You can take a bus, but mostly everyone comes by the famous train – it’s a local attraction because of the gorgeous views along the way. Many people send their luggage with a driver to Ella and take the train themselves lightly.
We were going from Nuwara Eliya in third class. We wanted to go in second class, but when we arrived at the station for the train’s departure, there were only tickets for third class. We were lucky enough to get seated. There were only 5 cars, and most people for 2-3 hours of the journey stood in the aisle between the seats or crowded in the vestibule.
Tickets. In the 1st and 2nd class all advise to buy tickets very in advance – the seats are reserved for you. In the 3rd class must buy on the day of departure (in the 2nd class too can be so). Boarding is free, so the fact that you do not have time to sit down.
Tickets for 3rd class cost 55 rupees, but we both charged 155 rupees.
If coming from Nuwara Eliya, you have to buy tickets in the neighboring village, which is 20 minutes by tuk-tuk (500 rupees). If from Kandy, at the train station in town.
Tip. If possible, get on the left side of the train to Ella and on the right if vice versa. Everything is most beautiful there. Or take seats in the vestibule aisle – tourists love to sit there with their feet overhung.
Both locals and tourists walk to downtown Ella on the railroad.
Useful: ATMs, stores, cabs
Ella is a small mountain village where everything revolves around tourists. There are a lot of them here, but no one disturbs each other – there is no feeling of overcrowding. Everyone is relaxed, good-natured and friendly.
Through the village passes one main road – there is a concentration of cafes, restaurants and stores. Several streets branch off from it, where hotels, hostels, cafes, vegetable gardens and the homes of local people are located.

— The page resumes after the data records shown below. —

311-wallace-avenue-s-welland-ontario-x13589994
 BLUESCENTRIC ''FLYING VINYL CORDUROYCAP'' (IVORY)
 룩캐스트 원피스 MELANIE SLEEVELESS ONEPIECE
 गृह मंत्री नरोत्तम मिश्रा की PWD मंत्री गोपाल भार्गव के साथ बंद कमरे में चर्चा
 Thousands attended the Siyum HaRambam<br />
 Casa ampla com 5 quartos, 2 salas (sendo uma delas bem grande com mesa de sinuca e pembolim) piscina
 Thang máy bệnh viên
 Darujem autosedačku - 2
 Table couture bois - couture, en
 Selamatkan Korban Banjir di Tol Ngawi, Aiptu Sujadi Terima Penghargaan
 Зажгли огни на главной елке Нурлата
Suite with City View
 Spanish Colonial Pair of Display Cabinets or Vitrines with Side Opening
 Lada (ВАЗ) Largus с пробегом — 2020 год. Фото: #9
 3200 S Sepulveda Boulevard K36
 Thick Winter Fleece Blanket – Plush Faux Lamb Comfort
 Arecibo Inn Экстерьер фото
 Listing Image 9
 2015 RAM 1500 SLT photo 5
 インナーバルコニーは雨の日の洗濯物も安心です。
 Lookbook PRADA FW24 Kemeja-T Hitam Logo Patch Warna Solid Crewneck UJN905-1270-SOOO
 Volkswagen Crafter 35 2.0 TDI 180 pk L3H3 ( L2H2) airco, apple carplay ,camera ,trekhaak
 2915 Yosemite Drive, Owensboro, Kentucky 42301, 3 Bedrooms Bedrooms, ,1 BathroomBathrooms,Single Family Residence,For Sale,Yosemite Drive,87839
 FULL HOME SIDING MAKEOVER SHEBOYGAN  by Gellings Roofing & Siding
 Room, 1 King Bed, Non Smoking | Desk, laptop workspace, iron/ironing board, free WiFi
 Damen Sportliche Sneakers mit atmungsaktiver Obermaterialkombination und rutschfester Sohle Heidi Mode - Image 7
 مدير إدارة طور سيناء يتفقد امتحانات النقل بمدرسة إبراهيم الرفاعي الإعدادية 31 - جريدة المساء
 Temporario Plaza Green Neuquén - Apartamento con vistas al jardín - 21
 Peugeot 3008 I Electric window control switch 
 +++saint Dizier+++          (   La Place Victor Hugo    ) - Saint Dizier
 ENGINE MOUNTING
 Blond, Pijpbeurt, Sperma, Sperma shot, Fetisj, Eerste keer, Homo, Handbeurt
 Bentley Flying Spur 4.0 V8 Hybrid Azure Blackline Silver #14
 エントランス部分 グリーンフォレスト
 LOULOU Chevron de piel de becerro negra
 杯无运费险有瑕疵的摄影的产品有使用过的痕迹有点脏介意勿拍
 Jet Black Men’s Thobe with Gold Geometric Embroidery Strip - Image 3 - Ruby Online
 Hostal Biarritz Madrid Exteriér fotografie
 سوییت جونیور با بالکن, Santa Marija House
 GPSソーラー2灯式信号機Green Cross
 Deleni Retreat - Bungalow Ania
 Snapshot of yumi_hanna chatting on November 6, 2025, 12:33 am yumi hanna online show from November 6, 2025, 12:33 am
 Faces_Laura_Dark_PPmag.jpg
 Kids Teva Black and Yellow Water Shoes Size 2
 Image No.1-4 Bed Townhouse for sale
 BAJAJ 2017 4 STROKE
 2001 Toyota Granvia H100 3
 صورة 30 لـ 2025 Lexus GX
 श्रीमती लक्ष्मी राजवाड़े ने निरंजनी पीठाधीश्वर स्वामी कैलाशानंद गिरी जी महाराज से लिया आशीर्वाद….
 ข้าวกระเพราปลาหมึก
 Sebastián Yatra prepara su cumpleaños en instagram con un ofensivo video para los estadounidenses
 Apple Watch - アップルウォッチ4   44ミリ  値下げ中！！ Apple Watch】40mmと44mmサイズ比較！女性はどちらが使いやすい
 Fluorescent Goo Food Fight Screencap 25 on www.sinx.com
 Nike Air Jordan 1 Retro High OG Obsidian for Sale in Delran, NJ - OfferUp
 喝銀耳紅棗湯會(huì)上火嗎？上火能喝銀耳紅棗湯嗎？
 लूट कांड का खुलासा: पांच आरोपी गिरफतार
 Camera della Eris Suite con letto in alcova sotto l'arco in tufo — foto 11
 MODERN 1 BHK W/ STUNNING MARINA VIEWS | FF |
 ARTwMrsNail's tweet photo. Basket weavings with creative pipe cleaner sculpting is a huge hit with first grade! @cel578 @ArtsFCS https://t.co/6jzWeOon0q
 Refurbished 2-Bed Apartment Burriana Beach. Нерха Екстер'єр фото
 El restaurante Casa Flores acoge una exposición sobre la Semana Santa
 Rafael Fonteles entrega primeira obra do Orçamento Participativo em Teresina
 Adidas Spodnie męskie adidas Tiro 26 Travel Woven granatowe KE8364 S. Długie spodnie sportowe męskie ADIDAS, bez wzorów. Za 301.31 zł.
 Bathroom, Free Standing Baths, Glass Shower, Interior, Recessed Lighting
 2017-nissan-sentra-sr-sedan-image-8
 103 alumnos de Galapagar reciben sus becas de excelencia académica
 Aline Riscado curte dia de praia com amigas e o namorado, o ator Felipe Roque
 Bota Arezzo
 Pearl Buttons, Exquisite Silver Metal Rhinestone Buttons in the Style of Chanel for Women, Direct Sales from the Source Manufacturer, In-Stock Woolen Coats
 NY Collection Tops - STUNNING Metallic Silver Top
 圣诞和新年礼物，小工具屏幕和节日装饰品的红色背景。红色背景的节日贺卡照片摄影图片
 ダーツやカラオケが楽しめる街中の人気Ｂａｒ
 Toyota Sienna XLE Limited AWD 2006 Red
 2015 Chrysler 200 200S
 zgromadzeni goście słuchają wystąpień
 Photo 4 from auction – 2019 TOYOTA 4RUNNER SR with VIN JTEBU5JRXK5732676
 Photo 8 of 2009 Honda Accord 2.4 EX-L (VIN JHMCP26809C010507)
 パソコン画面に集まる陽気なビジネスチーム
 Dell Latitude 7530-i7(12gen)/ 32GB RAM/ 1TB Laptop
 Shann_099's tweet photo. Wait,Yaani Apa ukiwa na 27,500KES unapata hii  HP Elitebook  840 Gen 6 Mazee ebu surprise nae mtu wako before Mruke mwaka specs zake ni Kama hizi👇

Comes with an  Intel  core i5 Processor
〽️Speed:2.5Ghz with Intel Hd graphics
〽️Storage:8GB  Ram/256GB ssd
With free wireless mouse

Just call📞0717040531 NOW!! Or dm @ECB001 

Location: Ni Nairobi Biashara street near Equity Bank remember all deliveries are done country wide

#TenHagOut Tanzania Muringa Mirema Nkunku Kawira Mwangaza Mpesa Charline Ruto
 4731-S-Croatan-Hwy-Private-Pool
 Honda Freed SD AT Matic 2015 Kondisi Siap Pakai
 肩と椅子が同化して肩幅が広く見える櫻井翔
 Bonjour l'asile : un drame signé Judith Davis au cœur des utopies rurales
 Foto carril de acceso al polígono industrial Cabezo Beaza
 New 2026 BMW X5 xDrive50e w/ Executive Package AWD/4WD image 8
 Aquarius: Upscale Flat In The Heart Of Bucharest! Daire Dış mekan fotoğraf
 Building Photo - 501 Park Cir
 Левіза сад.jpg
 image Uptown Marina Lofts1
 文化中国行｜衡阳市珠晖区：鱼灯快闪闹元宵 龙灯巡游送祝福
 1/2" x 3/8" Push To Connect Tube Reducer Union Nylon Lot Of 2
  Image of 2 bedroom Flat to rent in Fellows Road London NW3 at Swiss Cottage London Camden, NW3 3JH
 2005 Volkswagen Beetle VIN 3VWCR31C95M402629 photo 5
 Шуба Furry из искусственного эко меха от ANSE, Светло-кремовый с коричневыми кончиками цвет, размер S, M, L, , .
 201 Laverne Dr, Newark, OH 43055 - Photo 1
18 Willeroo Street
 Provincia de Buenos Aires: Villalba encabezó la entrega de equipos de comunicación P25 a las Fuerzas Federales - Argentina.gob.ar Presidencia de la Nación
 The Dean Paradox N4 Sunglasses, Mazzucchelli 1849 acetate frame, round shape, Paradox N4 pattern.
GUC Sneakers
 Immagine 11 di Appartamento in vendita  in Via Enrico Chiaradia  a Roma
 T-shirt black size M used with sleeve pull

Another important road is the railway. It is convenient to downtown Ella, to the Arch Bridge and Ella Rock.
Stores. There is a supermarket in downtown Ella where you can buy all the essentials. There are also small grocery stores, fancy showrooms with clothes, stores with tea, spices and souvenirs.
ATMs. We withdrew without charge at the Bank Of Ceylon ATMs on Main Street.
Electricity. Keep all gadgets charged at all times – the power goes out all the time in Ella.
Tuk-tuks and buses. Local cabs are the ubiquitous tuk-tuks. Tourists are waiting right at the station. As always, they slap on prices and don’t want to haggle. We were charged 500 rupees for 2 km. We found another one who agreed to 300 rupees.
Many intercity buses go through Ella – for example to Badulla and Kandy. The main stop is in the center.
Walking along the railroad tracks is one of my fondest memories from Ella.